Currency value Price conversions in your drug of choice
@hazeywolf (Cont) And again, these better jobs come from industrialization. Once these countries go through the process, sped up with globalization, they'll have better jobs and more alternatives due to higher production. A middle class will develop. What they lack is capital, which is why firms from 1st world nations investing in their country and moving production there is good. This happened in every industrialized nation to date.
"Are some corporate CEO’s, doctors, lawyers, politicians and scientists psychopaths? The answer could be “yes” if you use a definition which labels individuals who are often intelligent and highly charismatic, but display a chronic inability to feel guilt, remorse or anxiety about any of their actions. Tack on the use of violence and intimidation to control others and satisfy selfish needs and the label expands."
@hazeywolf
I'd argue with you, But it occurs to me that you ought to watch this video. The guy in the video can makes the argument in a much more compelling way than i can.
@Longlivepalestine That's a fair point. I would imagine after a time of building up wealth, competing business might enter the market and offer better working conditions and maybe better wages, thereby forcing Apple to increase their working conditions and/or wages to keep their employees from opting for the company with better working conditions.
But mandating that businesses must increase expendetures by increasing working conditions is most likely going to cost people their jobs.
There's one, significant risk with forcing higher salaries. If those people earn 2-3 times national average (so they are really well off, because typically only a minority earns over the national average!), and would earn 4-6 times national average, what you can clearly expect is that a sort of mafia arouses which will be happy to collect $1-2 a day (or sexual services) for arranging such a great job for the people. And beat those unwilling to pay, sometimes to death.
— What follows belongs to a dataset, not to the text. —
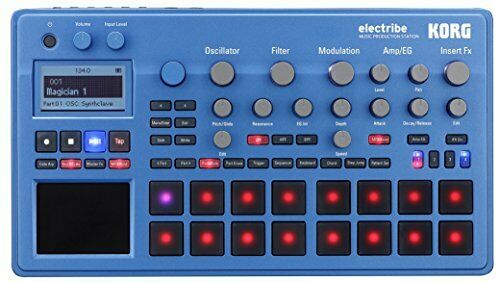 KORG Synthesizer Sequencer Electribe2 BL Electr Live 2 Metallic Blue Dance Music_1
So I do not think it would be a morally acceptable direction.
Near the end he talks about the fact that there is little to be done in these countries (by external forces) to improve bad domestic policy like insecure property rights, bad monetary policy, etc.
But there is one way.....
Colonialism.
But that's bad of course. Like sweat shops.
Why do you think the colonial powers eventually left those very regions? Colonizing by force requires standing armies, building infrastructure and towards the end of the colonial era, upholding better and better standards just like in the home countries when it came to rights and laws, much easier to just reap the same benefits without the cost of building a proper nation. This is economic colonialism at its finest.
So, what you are saying is bad domestic policies like insecure property rights, bad monetary policy, etc., are something we shouldn't support because the only way to get them is through colonialism.